I loaded my Jeep to deliver the mail very early yesterday.
I’d finished casing the relatively small amount of mail we got in to deliver…marked all my packages…did all my paperwork…and was ready to go by 9:30.
That’s a good start to getting done with the day in the early hours of the afternoon.
When I was pulling out of the parking lot of the post office to drive to the beginning of the route, Jenny called me.
“Isaac broke down…I’m taking him to school. The truck is up by those trailers that are up the road from the Zirconia Post Office…in that parking area.”
I asked what happened….”What happened?”
“He said that it overheated…and then all the coolant blew out…there’s coolant everywhere.”
“OK….I’m on my way.”
That’s a long drive to the other Post Office. They give me credit for 7 miles…but when you’re worrying about the situation and how you’re going to fix it, the short ride turns long somehow.
When I got to the car, after doing some poking around I realized that a short radiator hose under the power steering pump had split the length of the hose. It really blew out.
After doing some more poking around, I realized that I couldn’t see the clamp on the end of the hose that was under the distributor and the power steering pump, and knowing that I’d be out in the dark and cold later in the day trying to figure out how to get the hose off when I couldn’t get that clamp off without pulling a bunch of stuff off…or trying to reach it from the bottom while lying on my back…I called a mechanic I like to use…and had the car towed over to his shop.
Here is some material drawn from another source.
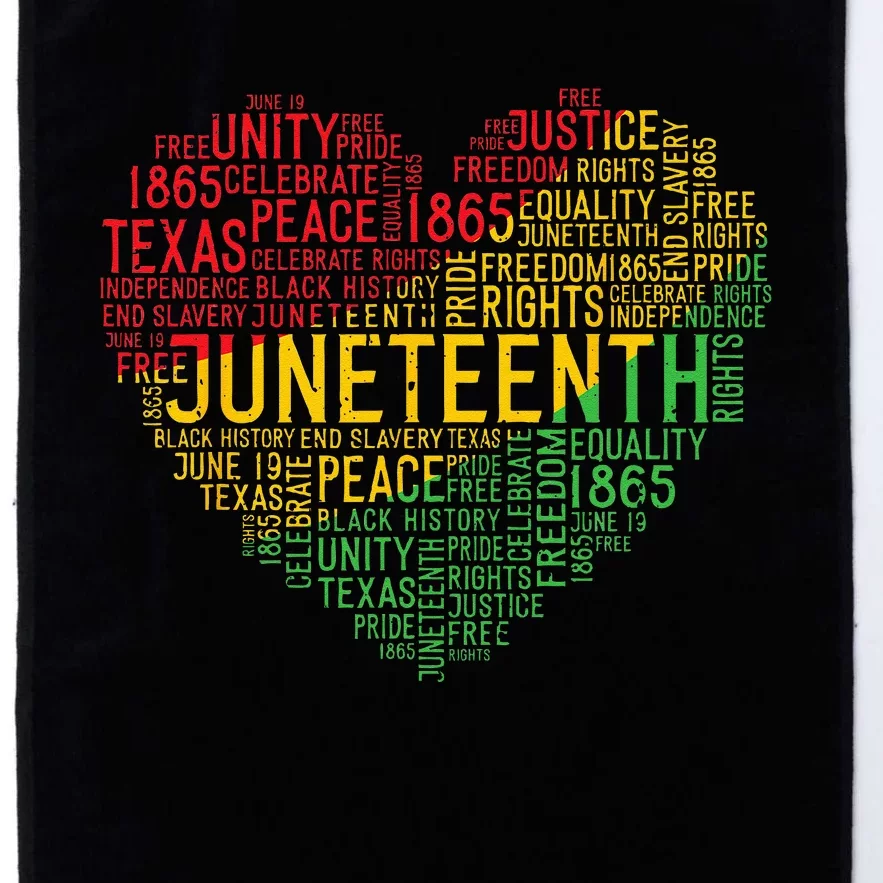 Juneteenth Heart Black History Afro American African Freedom Platinum Collection Golf Towel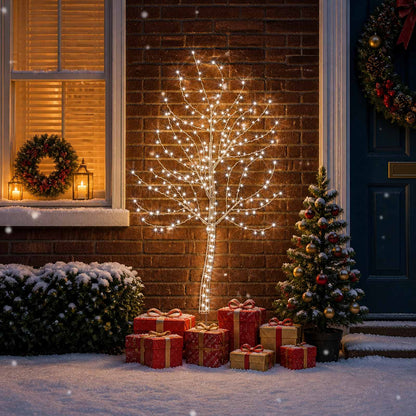 vidaXL LED Wall Christmas Tree 150 cm 140 LEDs Cold White Steel Black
So…between identifying the problem, realizing that it was really awkward to fix…more awkward than any hose I’d ever replaced….then calling the mechanic…then calling the wrecker…then waiting on the wrecker to come…the whole thing ate up a chunk of my morning.
“Good shape” had miraculously transformed into “I think I can make it” in the bursting of a hose.
Of course, because Isaac didn’t have a car anymore, he needed a ride home from school.
Jenny would drive back in to town to get him…but the only thing that really made any sense was for me to get him at the end of my day.
That meant that I needed to do a route that takes me 5 hours to drive in 4 hours (or less) so that I’d be there when school let out.
D-A-N-G-I-T.
My day…my glorious early day…my record setting, wonderfully truncated, earlyearlyearly day was evaporating before my eyes.
Ease and comfort were a thing of the past…a distant memory.
I drove like a bat out of Hades. I ran all the packages up to the porches. I hurried. I ate my sandwich in 5 bites…my thick peanut butter sandwich. I threw my banana peel out the window with great panache…I didn’t stop.
And I did it…I drove the route faster than I normally do and I made it to the school only 5 or 10 minutes late.
I did it.
I did it…but my perfect early day was gone. It was “early” because it had to be…but it wasn’t perfect.
But then I thought about it for a bit….and realized that the only way a day like that would have worked, with all the “hose bursting” and “wrecker calling”, was if I’d gotten a really early and good start.
The only way it would have worked was if I had a phenomenal beginning and was optimistic about finishing really early because of it.
The only way for it all to have come together in the end…was if the day was exactly as it was.
Maybe it was a perfect day, after all.
Maybe it was my own personal blessed day?
What a great day to burst a little hidden hose!
We’re so thankful Isaac was able to safely maneuver his vehicle, after it seemingly “blew-up.” We are proud of both you-guys! “Well done!” [I just read, today, how troubles come to help us grow in character.]